Perhaps understandably, the Cranberries began to struggle. The cracks started to appear with 1996’s To the Faithful Departed, a relative commercial failure, attended by a certain blustery portentousness: there were nice moments, but they existed alongside songs called War Child and Bosnia and the appalling I Just Shot John Lennon. In the wake of its release, there were cancelled tours and rumours of intra-band turmoil. 1999’s Bury the Hatchet was an improvement on its predecessor, but they finally split in 2003, and O’Riordan embarked on a fitful solo career, collaborating with Angelo Badalamenti and releasing a couple of underrated and overlooked solo albums, before the Cranberries reformed in 2009.

Dolores O’Riordan, circa 2001.
Dolores O’Riordan, circa 2001. Photograph: Tim Roney/Getty Images

Clearly not all of their personal differences had been ironed out. O’Riordan attempted to sue guitarist and sometime co-writer Noel Hogan in a mysterious court case that was eventually abandoned, and kept active outside of the band: D.A.R.K. was an intriguingly gothic project with former Smiths bassist Andy Rourke, that again saw O’Riordan tapping into something bleaker than was found on the Cranberries’ hits.

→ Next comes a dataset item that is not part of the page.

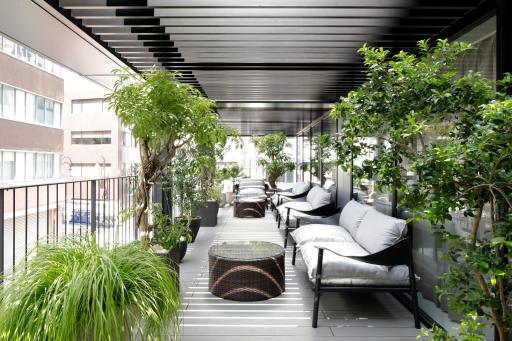 Travel Proud Sustainability certification NOHGA HOTEL UENO TOKYO - Housity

Nevertheless, there was a certain pleasing circularity about their 2017 album, the acoustic and orchestral Something Else. The tracklisting revisited their back catalogue, the cover returned them to the sofa on which they had sat on the front of the albums that made them famous, and, on the beautiful opening version of Linger, Dolores O’Riordan’s voice sounded as fresh as it had ever done. Whatever else had happened in the intervening years, she was as capable of expressing a delicate sense of yearning in her forties as she had been nearly a quarter of a century before.